Cottage is not a handicap-friendly place

    Throughout my life, I have understood the need for handicap-accessible buildings, stores, sidewalks, etc. I just never appreciated how important they were to people who had issues with walking or movement.
    To me, it was just a nice courtesy for those less fortunate than myself.
    I now have a greater appreciation for the efforts that people who have handicaps must go through in their everyday lives. Just getting around your home can be difficult.
    My understanding all began with the “tear down” at the bass tournament site back on July 29, where I was working with a group of gentlemen starting to take down the stage and surrounding stands.
    I was in the process of removing screws from a section of speaker towers that were attached to the main stage when the platform I was working on collapsed under me.
    A little shaken, and with a slightly sore ankle, I thought I’d successfully walked the sprain off. Through the afternoon, however, I began favouring that ankle more and more.
    By early evening, when I finally knocked off for the day, I had a noticeable limp.
    It was upon awakening the following morning at the cottage that I discovered my ankle and foot looked more like a large curved bologna than a foot.
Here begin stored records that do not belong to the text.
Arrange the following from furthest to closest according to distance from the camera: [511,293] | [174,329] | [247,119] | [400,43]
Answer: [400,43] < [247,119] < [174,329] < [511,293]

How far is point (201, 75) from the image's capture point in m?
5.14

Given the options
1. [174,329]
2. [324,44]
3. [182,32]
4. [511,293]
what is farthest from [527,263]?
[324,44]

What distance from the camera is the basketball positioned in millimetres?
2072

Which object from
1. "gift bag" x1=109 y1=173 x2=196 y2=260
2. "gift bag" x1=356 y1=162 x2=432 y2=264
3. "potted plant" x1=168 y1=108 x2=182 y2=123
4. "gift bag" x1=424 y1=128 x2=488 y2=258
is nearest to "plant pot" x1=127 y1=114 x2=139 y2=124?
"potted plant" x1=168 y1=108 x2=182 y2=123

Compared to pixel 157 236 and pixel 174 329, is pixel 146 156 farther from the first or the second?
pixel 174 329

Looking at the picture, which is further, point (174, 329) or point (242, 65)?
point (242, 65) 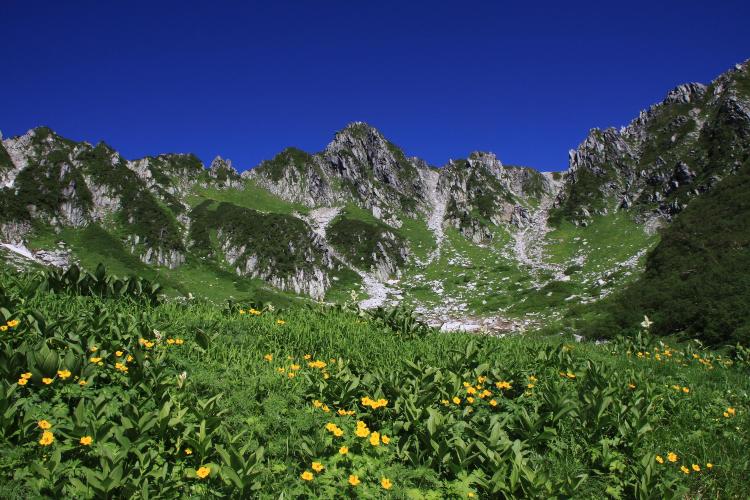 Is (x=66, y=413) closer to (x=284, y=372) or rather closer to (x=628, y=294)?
(x=284, y=372)

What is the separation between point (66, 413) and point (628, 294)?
2902 cm

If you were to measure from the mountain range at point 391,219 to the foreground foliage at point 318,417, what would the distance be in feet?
52.7

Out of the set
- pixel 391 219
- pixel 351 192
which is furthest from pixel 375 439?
pixel 351 192

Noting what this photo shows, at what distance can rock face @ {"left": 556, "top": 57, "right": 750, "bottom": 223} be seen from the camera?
2908 inches

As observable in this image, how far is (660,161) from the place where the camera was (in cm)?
9050

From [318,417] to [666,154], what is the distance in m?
111

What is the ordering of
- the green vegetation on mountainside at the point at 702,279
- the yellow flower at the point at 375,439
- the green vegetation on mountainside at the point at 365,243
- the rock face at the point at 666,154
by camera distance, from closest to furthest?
the yellow flower at the point at 375,439 → the green vegetation on mountainside at the point at 702,279 → the rock face at the point at 666,154 → the green vegetation on mountainside at the point at 365,243

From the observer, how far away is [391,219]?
114 meters

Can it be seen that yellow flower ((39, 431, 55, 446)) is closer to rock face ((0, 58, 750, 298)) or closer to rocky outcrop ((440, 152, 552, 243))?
rock face ((0, 58, 750, 298))

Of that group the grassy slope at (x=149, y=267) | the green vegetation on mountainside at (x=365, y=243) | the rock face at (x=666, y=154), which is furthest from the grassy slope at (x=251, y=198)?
the rock face at (x=666, y=154)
I began to think that maybe I had hurt myself more than I first thought.
    Even the sheets hurt as I went to roll out of bed and stand up. The searing pain shot me back down. I began wondering how I would walk out of the bedroom.
    I hobbled and held on to walls, chairs, railings, and whatever else I could find to ease the pain of getting about. It was excruciating leaving the cabin and venturing to the outhouse.
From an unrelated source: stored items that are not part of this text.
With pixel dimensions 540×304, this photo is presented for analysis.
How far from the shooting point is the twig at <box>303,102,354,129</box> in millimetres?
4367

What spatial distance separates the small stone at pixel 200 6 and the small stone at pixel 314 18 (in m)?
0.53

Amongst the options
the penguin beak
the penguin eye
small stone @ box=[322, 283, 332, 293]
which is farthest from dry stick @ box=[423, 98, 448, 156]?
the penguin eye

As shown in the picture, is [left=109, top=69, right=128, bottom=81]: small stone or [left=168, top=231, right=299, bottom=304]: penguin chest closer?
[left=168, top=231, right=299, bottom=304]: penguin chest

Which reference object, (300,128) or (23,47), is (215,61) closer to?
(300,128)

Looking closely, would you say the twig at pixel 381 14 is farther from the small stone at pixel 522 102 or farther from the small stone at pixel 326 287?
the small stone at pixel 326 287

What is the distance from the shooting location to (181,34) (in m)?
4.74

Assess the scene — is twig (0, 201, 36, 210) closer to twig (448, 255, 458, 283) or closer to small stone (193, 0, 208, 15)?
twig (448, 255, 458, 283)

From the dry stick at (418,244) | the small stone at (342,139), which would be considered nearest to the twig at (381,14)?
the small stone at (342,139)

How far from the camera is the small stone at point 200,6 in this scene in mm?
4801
    I spent that hot Monday with my leg propped up and my wife answering my every beckon and call.
    By Tuesday morning (July 31), with no reduction in swelling and the foot and ankle being just as tender to any pressure, I agreed to check out emergency services at La Verendrye hospital. I only had to hobble down to the boat, climb in, and then get back out again at the landing.
    At La Verendrye, I was quickly met by a nurse, put into a wheelchair, and wheeled into a waiting room to see a doctor. A few minutes later after checking out the ankle, I was taken into X-ray.
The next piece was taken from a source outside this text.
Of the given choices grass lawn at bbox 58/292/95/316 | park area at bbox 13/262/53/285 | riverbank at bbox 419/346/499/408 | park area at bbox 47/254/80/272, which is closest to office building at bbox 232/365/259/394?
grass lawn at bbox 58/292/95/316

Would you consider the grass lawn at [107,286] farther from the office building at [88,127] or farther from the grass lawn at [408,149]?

    The end result was that the ankle was not fractured, but severely sprained. The remedies were crutches and rest.
    If I could get to town without any help, having crutches to navigate and get back up to the cottage would be no problem—or so I thought.  The first hurdle was getting back into the boat and then out again.
    The docks proved equally fun. Where do you put the crutch? Definitely not on a crack!
    I had never looked at the ground so carefully before. Going uphill, on a path criss-crossed by tree roots, jutting stones proved to be a real obstacle course. I kept losing my balance.
    I would place the crutches down, only to discover that one side ended up lower than the other on the narrow path that would cause me to swing the wrong way and end up off the path.
    Just moving around rocks was a chore. On Tuesday, I was soaked from sweat just getting back up to the cabin from the dock. Crutches take work.  They require energy.
    Flat surfaces and stairs are easy; cabin paths are a nightmare. Rocks, stumps, and narrow paths are real obstacle courses.
    Late in the afternoon, I made my way back down to the dock for a swim. It was tortuous, but the water was wonderful and I cooled off. I then faced the climb back to the cabin—and I was hotter than before the swim.
    I am not sure if it is easier to go uphill than down.
    Wooden walkways have never looked so good as they do now in my mind’s eye.